### [Records shown]
########################################

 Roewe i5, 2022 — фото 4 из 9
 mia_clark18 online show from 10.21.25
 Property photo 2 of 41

########################################

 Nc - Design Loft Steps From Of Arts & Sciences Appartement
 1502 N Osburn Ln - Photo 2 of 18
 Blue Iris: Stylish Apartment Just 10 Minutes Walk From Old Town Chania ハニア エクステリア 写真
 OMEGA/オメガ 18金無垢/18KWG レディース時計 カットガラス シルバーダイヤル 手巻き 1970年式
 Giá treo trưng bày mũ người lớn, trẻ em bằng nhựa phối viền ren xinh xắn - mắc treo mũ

########################################

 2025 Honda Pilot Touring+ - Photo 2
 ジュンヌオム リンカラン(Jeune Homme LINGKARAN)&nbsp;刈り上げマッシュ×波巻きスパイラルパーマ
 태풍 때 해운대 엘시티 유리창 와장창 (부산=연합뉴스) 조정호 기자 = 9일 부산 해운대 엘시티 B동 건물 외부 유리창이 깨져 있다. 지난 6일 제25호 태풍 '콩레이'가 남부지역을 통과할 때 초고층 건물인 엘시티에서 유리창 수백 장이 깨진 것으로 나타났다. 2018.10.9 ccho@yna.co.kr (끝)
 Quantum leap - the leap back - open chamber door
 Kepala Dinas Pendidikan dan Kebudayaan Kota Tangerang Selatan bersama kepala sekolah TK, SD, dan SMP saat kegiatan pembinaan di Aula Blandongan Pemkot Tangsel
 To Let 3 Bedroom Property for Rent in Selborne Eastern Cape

########################################

### [Activity]
Output the material above exactly, but only from the line that carries "Nc - Design" through the line that carries "OMEGA/オメガ 18金無垢/18KWG レディース時計".

### [Answer to this exercise]
 Nc - Design Loft Steps From Of Arts & Sciences Appartement
 1502 N Osburn Ln - Photo 2 of 18
 Blue Iris: Stylish Apartment Just 10 Minutes Walk From Old Town Chania ハニア エクステリア 写真
 OMEGA/オメガ 18金無垢/18KWG レディース時計 カットガラス シルバーダイヤル 手巻き 1970年式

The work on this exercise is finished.